La gorge de Lokralen se serra tandis qu'il reculait prudemment. Il le sentit au plus profond de lui — l'homme venait d'être bloqué dans le temps sous ses yeux. Cela ne pouvait signifier qu'une chose : l'hôte…

« Ou en tout cas, il y était il y a trois heures. »

… était à proximité. Les jambes de Lokralen fléchirent, et il trébucha, son regard s'affolant dans le hall sombre.

« Ah ! Non, monsieur ! Non ! Oh, le professeur Deculein devrait être dans la salle de la Table Ronde au troisième étage… »

Le réceptionniste, bloqué dans le temps, ne cessait de répéter la même phrase. Le hall du premier étage, plongé dans l'obscurité, n'offrait aucune issue.

« Putain de merde ! »

« Ou en tout cas, il y était il y a trois heures. »

Lokralen fit demi-tour et fonça vers la sortie de secours, gravissant les escaliers en sprintant.

« Ah ! Non, monsieur ! Non ! Oh, le professeur Deculein devrait être dans la salle de la Table Ronde au troisième étage — »

Il fit abstraction des échos répétitifs en montant, passant vite du premier au deuxième, puis au troisième étage.

« Houf… Professeur Dec… ! »

Alors qu'il poussait la porte du troisième étage, un souvenir soudain le traversa : « Il faut que j'informe Deculein immédiatement ! »

La dernière phrase de son journal, celle qu'il avait survolée sans hésiter. Mais l'écriture… n'était pas la sienne.

« Ah… »

Alors que quelqu'un lui barrait le passage à la porte du troisième étage, Lokralen eut une réalisation brutale. On eut dit que sa vie défilait sous ses yeux.

« Bonjour, Lokralen. »

Face à la femme qui l'avait complètement percé à jour, Lokralen ne put que marmonner avec incrédulité : « … Comment as-tu su ? »

… Et cela se répéta.
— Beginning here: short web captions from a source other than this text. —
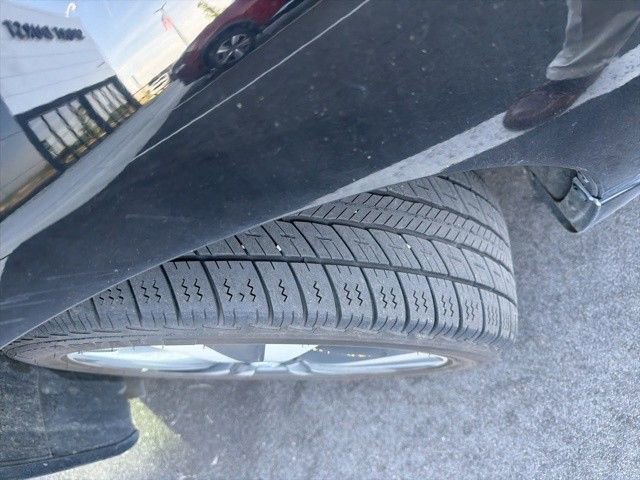 Used 2019 Nissan Sentra SV w/ Special Edition Package FWD image 8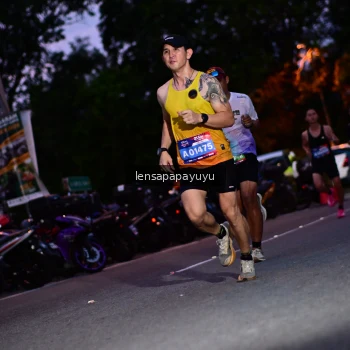Runner Photo 4099013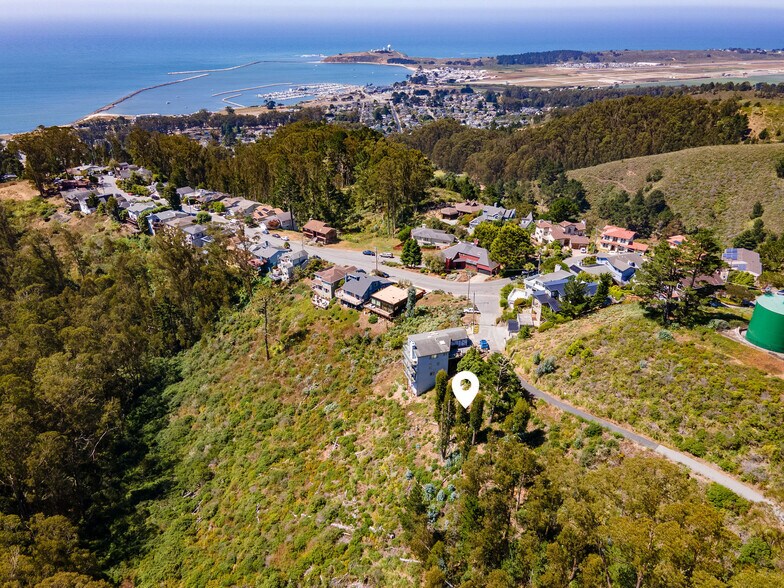 Primary Photo Of 124 Dolphine ave, El Granada Land For Sale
Arraché au présent, Lokralen se retrouva une fois de plus à ouvrir la porte du troisième étage, revivant l'instant à nouveau dans le passé.

« Houf… Professeur Dec… ! »

Et une fois de plus, il se retrouva face à elle, chuchotant avec incrédulité : « … Comment as-tu su ? »

Quand ses derniers mots s'éteignirent, il fut ramené dans le passé, ouvrant à nouveau la porte du troisième étage.

« Houf… Professeur Dec… ! »

La silhouette qu'il avait vue était déjà partie, mais son expression, ses souvenirs et l'instant restaient figés en place, d'une clarté hantée.

« … Comment as-tu su ? »

Lokralen était maintenant bloqué dans le temps.